Try the seasonal menu at Olde Hansa
At Olde Hansa, or ‘The Rich Merchants house’, everyone is in character and every detail is considered to give you the most medieval experience possible. Walking into it is like stepping into a pub from the 16th century, and during the winter months expect a lot of meat dishes, beetroot salad and herring specialities on the seasonal menu, a dark porter beer that goes very well with roast meat, and try the local Kringle sweet bread with whipped cream.
Buy some local Estonian gifts or souvenirs
Of course the Christmas market has some of the most traditional crafts and hand made trinkets, but the boutiques and little stores that are dotted about the old town offer plenty themselves too. You’ll find some of the warmest winter wear, hats gloves, scarves and knitwear, as well as Russian dolls, wooden toys, and a lot of amber jewellery.
Take a day trip to the countryside for winter sports
Not far from Tallinn you can venture into the Estonian countryside to take part in winter sports or have some fun in the snow. Go sledging in one of the parks, take a husky sled ride or even go cross country skiing.
Sample the gingerbread
It can’t be Christmas without a gingerbread something, and every December Tallinn hosts a gingerbread design exhibition where people can submit gingerbread creations. If taking part isn’t your thing and you prefer to eat it instead, then the best in the city can be found at The Bonaparte restaurant.
Experience the twilight views over the city
Tallinn has a number of viewing platforms that on a crisp clear winter night give some of the most incredible views over the old town. The red rooftops covered in a layer of snow and the glowing lights coming from the windows make the city look like a fairytale. For a full list of the best views in Tallinn take a look at this post, but the two best are Kohtuotsa and Patkuli.
Buy some roasted nuts from a street stall
As you wander round both upper and lower Tallinn you’ll notice the little stalls, usually orange and white stripy with medieval looking women behind them. They sell winter warmers such as hot drinks and roast nuts to snack on, so you can often find them near the popular tourist spots and views.
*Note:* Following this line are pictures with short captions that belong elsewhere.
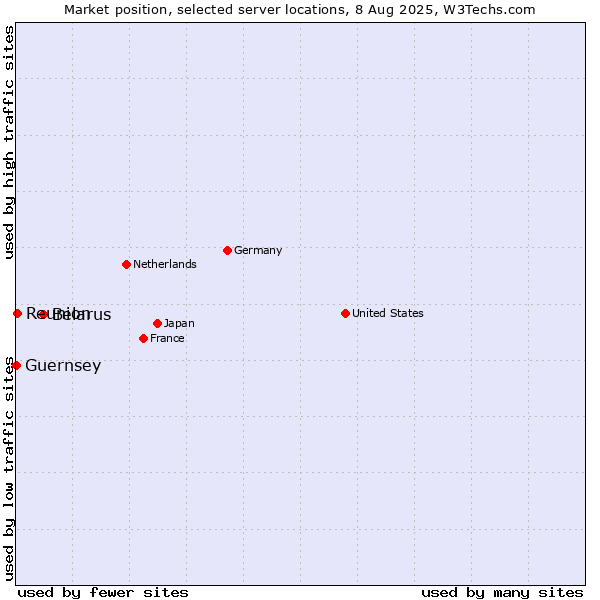 Market position of Belarus vs. Reunion vs. Guernsey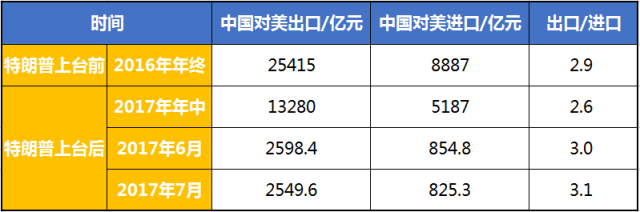 数据来源于国家统计局、中国海关总署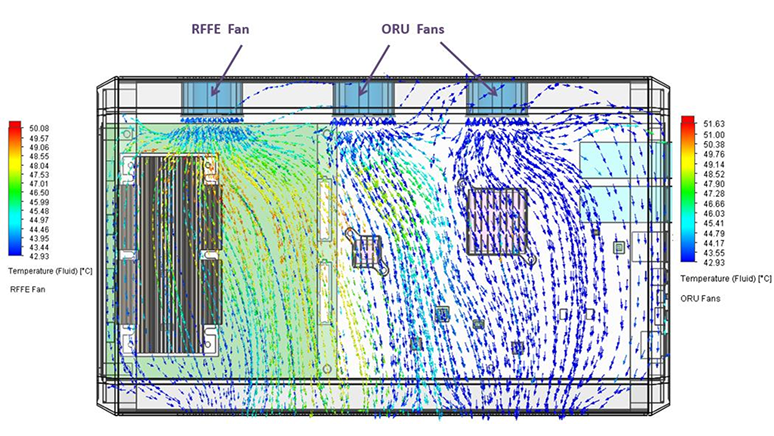 Ensuring Optimal Heat Dissipation in Every Configuration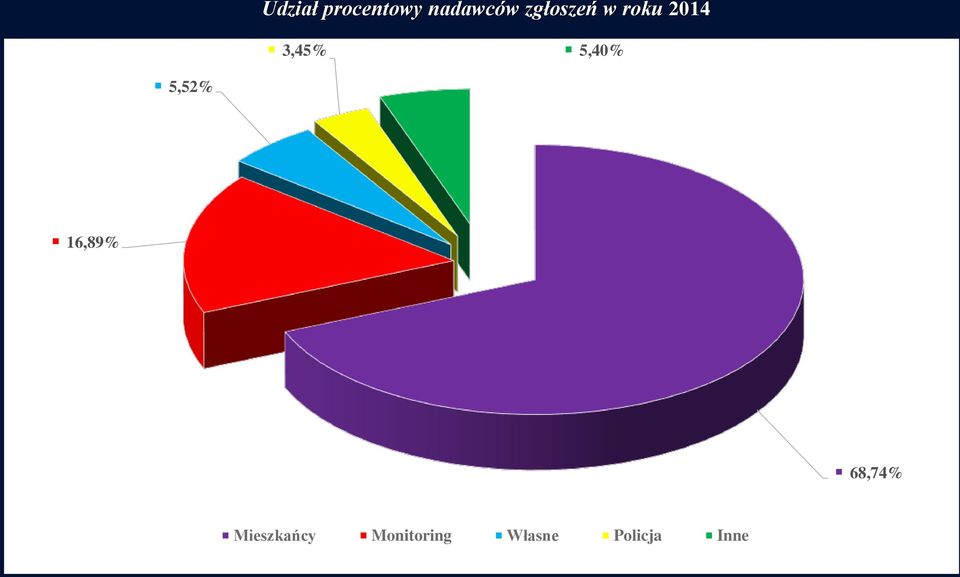 5,40% 5,52% 16,89% 68,74%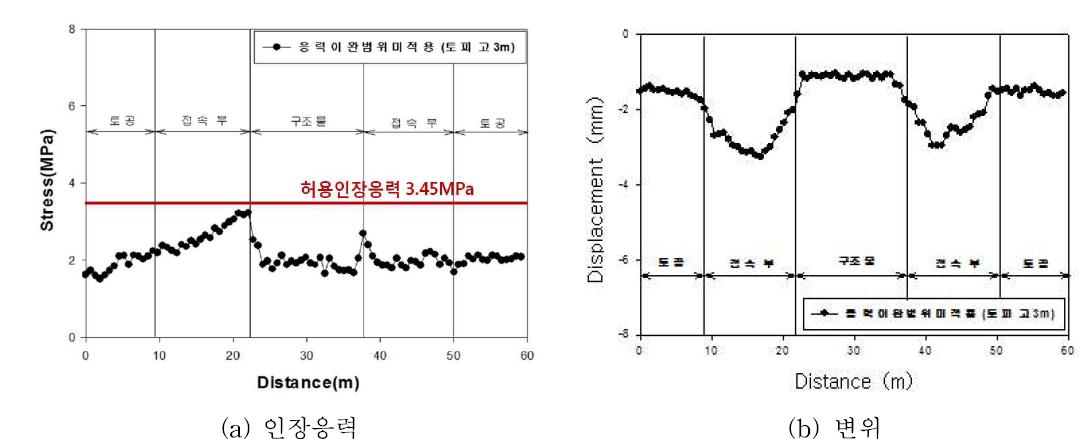 수치해석 결과(응력이완범위 미적용 - 토피고 3m)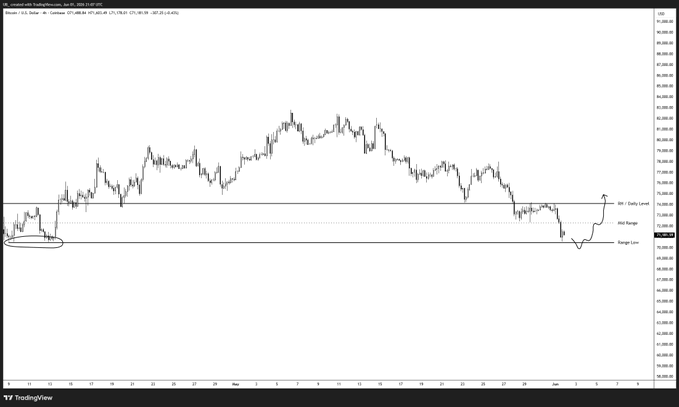 The image displays a bar graph with Bitcoin symbols at each level, representing the price range of Bitcoin over time. The Bitcoin market has shown some fluctuations recently, which makes this chart an important visual representation for investors and enthusiasts alike. It highlights that Bitcoin's daily range is wide but that it is not necessarily bull or bearish in nature. As a speculative asset, there are specific levels at which it can be purchased with either capital gain or capital loss, depending on market sentiment and the price movement of the cryptocurrency over time.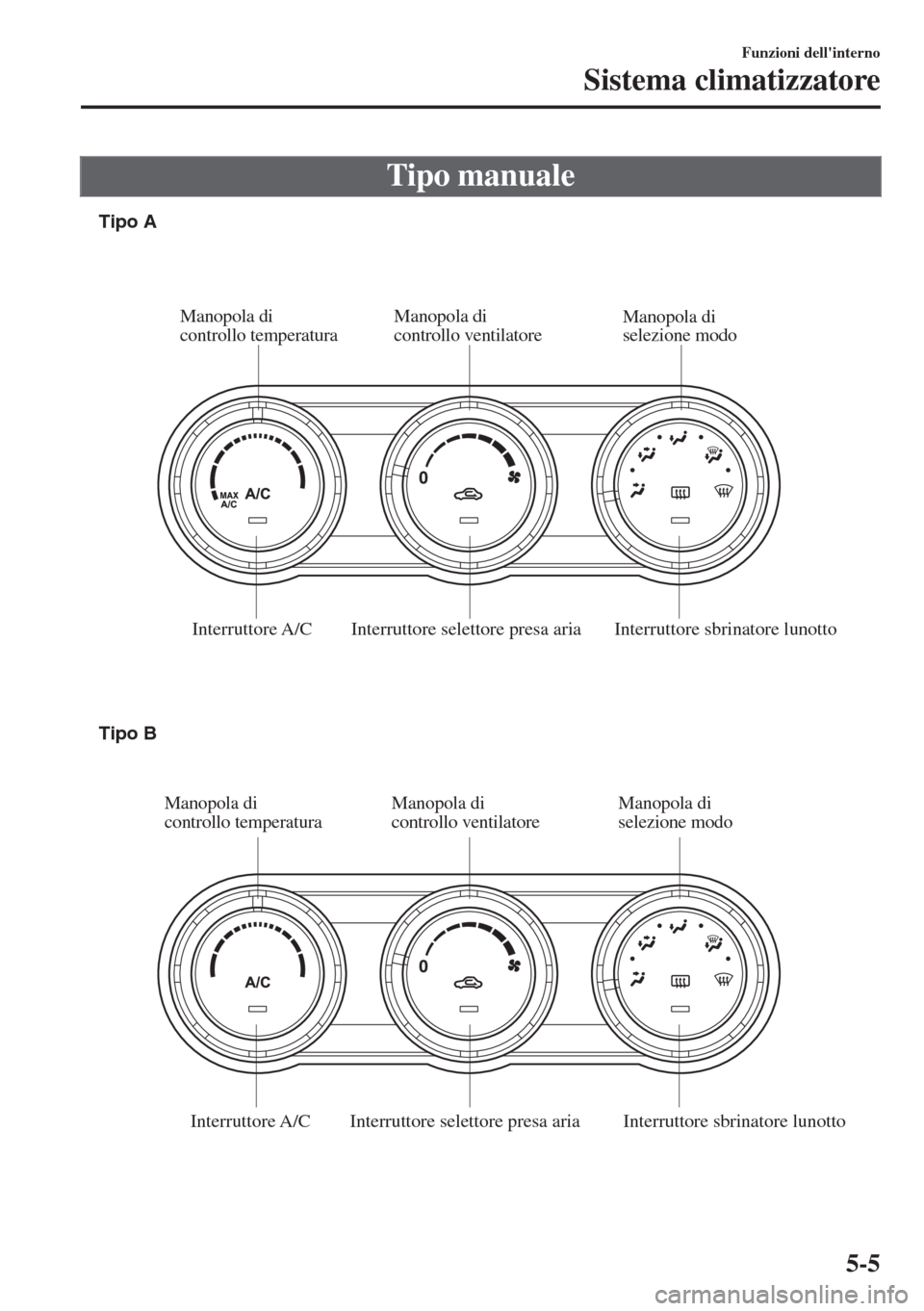 MAZDA MODEL MX-5 2018  Manuale del proprietario (in Italian) Tipo manuale
Interruttore sbrinatore lunotto Interruttore selettore presa aria Manopola di 
controllo ventilatore Manopola di 
controllo temperatura
Interruttore A/C
Interruttore sbrinatore lunotto In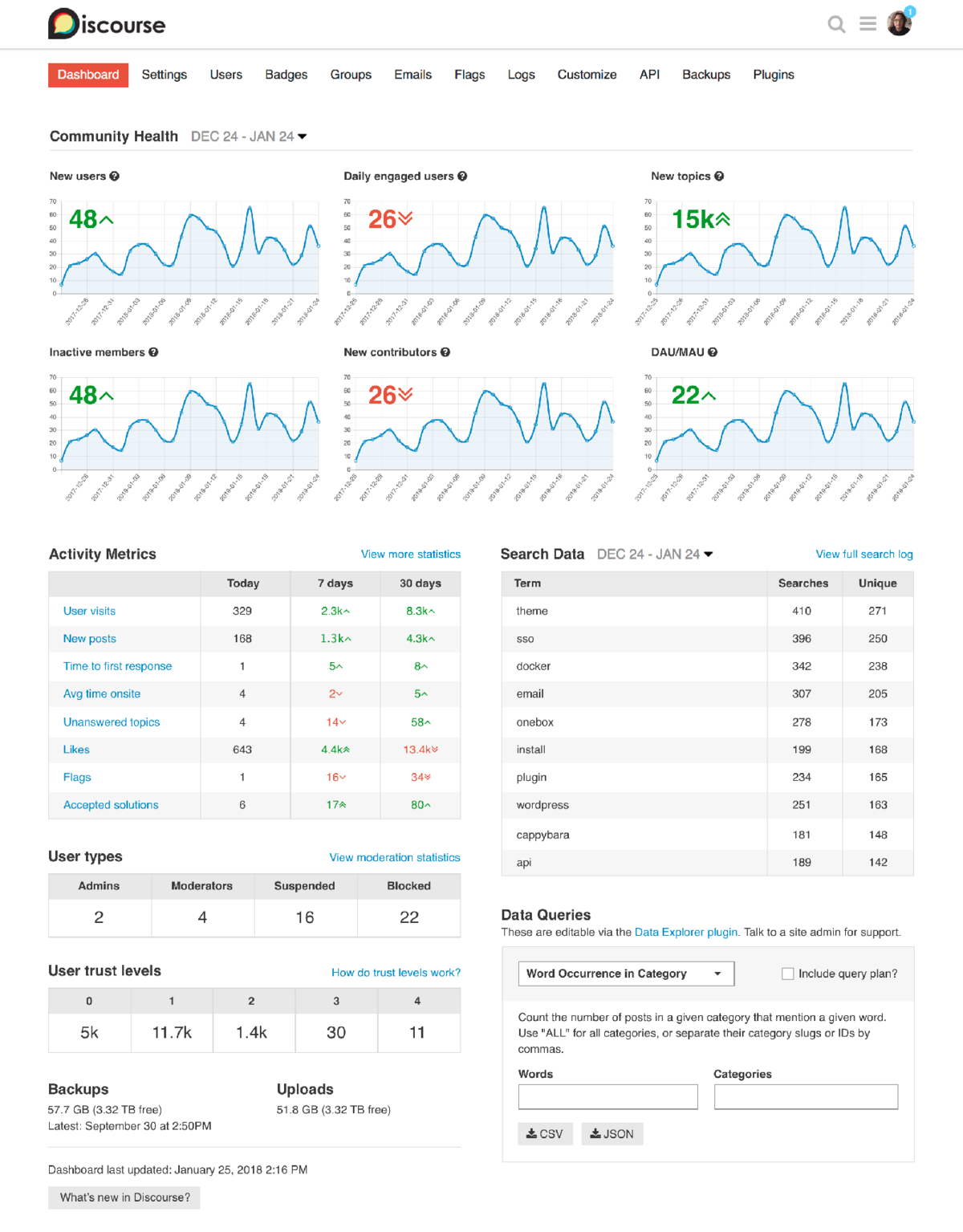 Discourse LinkedIn Authentication - plugin - Discourse Meta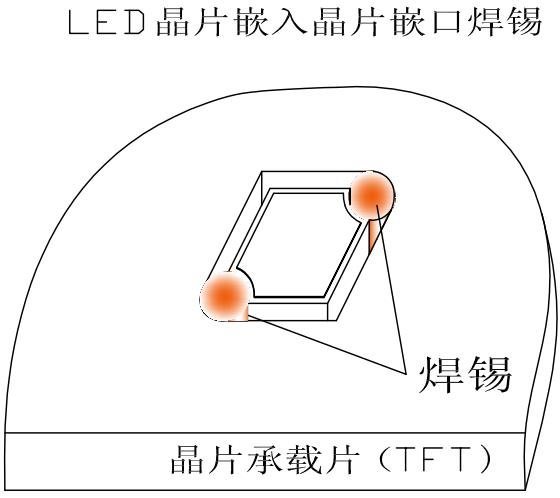 一种MiniLED显示和背光发明专利技术介绍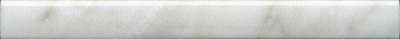 KERAMA MARAZZI Керамическая плитка PFE040 Карандаш Каприччо белый глянцевый 20x2x0,9 керам.бордюр Цена за 1 шт. 110.40 руб. - бесплатная доставка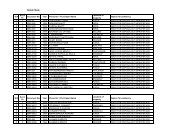 JOINT SUB REGISTRAR - Igrmaharashtra.gov.in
Go to a carol service in one of Tallinn’s many churches
For such a small place Tallinn is full of churches, none more grand and extravagant than the Alexander Nevsky cathedral. Visit to hear the bells ring and the choirs sing Christmas carols.
Visit Maiasmokk cafe, famous for marzipan
Whether you love it or hate it marzipan is one of those Christmassy sweet treats that appear every year, and it’s thought that it originated from Tallinn in the Middle Ages. Maiasmokk cafe is located in the old town and is the oldest cafe in Tallinn. Inside you can learn all about the history of marzipan in the museum, which is an entire room dedicated to the marzipan story, but you can visit to just enjoy the cafe for a coffee or cake too.
Take a photo of the colourful Catherine’s Passage in the snow
Found opposite the Telegraph hotel is a narrow passageway that might appear a bit daunting at first, but once you emerge into the little courtyard you’ll find the most colourful buildings surround you. It looks even prettier in the snow.
Take a ride on the Old Town train
Tallinn old town is pretty small, but still the cobbled streets and steep banks up the hill can make it difficult to wander around in the snow. Hop on the cute little Tallinn train for a short ride around the city. Take your camera too because you’ll really appreciate all the gorgeous coloured little buildings everywhere.
Tallinn is a truly unique city, and one that I really enjoyed visiting in winter. I’m not sure it would have the same charm in the summer, so if you’re looking for a winter city break to somewhere unusual where you can do all sorts of activities, and really embrace the season then Tallinn should be pretty high up on your list.